ESPRIT SHAMAN
.

Les images se multiplient, fugaces et vives,
Insaisissables demeures des richesses éternelles
D'un esprit qui contemple loin du temps
Tous les mondes possibles
L'Esprit Shaman
.
Le chamanisme, il faut le créer, l'inventer. Il n'existe pas en tant que formule, en tant que temple, en tant que système. C'est une réanimation permanente du vivant.
Luis Ansa, le Secret de l'Aigle

.L'homme succombera, tué par l'excès de ce qu'il appelle la civilisation. J. H. Fabre



Il y a une puissance qui vibre autour de moi

LANCE HENSON: pour apprendre à passer



Extrait de Nous sommes tous américain de Albert Guignard

Né en 1944, à Washington, Lance David Henson est Cheyenne, Oglala et Français. Son nom cheyenne est Walking badger (Blaireau qui marche) l’animal dont il se sent le plus proche. Henson a grandi dans une ferme en Oklahoma, élevé par son grand oncle et sa grande tante.Il a servi dans le corps des Marines durant la guerre du Viêt-Nam.
Peu d’écrivains amérindiens sont aussi impliqués dans les pratiques traditionnelles et cérémonielles de leur peuple que Lance Henson. Membre de la société cheyenne des Guerrier du Chien, de l’église des Native Americans et du Mouvement des Indiens d’Amérique (A.I.M), il a participé à la danse du soleil à plusieurs reprises.
Henson a choisi de vivre de sa poésie depuis plusieurs années. Il parcourt le monde, perpétuant ainsi une tradition orale.

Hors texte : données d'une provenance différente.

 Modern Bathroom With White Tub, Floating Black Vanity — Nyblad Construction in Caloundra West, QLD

Si tout Henson est dans ces vers de 1988, extraits de couchers de soleil en oklahoma :

où est la promesse qui emplit autrefois cette terre
j’ai déjà posé cette question et depuis
j’ai appris à vivre seul en colère
et caché

aux frontières de l'amérique.

son style, lui, apparaît dès le premier poème, jour d’hiver près de calumet, issu de son premier recueil.

le gel a épaissi
sur la grille
des nuages gris traversent
le champ dans le ciel
de janvier
des morceaux de fourrure brune
sont accrochés au bois
près de la remise
des anciens sont
passés là

Cette concision à saisir l’esprit d’un lieu et d’un moment est typique de la pensée amérindienne. Certains titres de cette poésie minimaliste, souvent libre de toute convention de ponctuation, majuscules, rimes et pieds, inscrivent la trace de l’animal tenace auquel Henson s’est identifié.

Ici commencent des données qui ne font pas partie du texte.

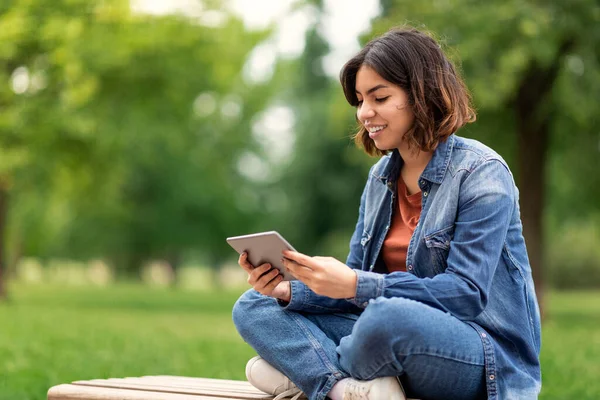 Güzel Arap Genç Bayan Öğrenci Dışarıda Otururken Dijital Tablet Kullanıyor — Stok fotoğraf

Le long de l’autoroute sinueuse sur une aire de repos
[entre Oklahoma et Tulsa.

J’ai senti le soleil du matin au-dessus du feuillage
[d’un jeune orme
se lever dans les senteurs de sauge et de fleurs des
[champs.
Je m’appuie sur mon coude.

Par-delà les champs, le bruit des voitures et le château
[d’eau isolé
signalent la présence d’une petite ville.
Je sors mon couteau de dessous le sac de couchage
et le glisse dans son fourreau, à ma ceinture.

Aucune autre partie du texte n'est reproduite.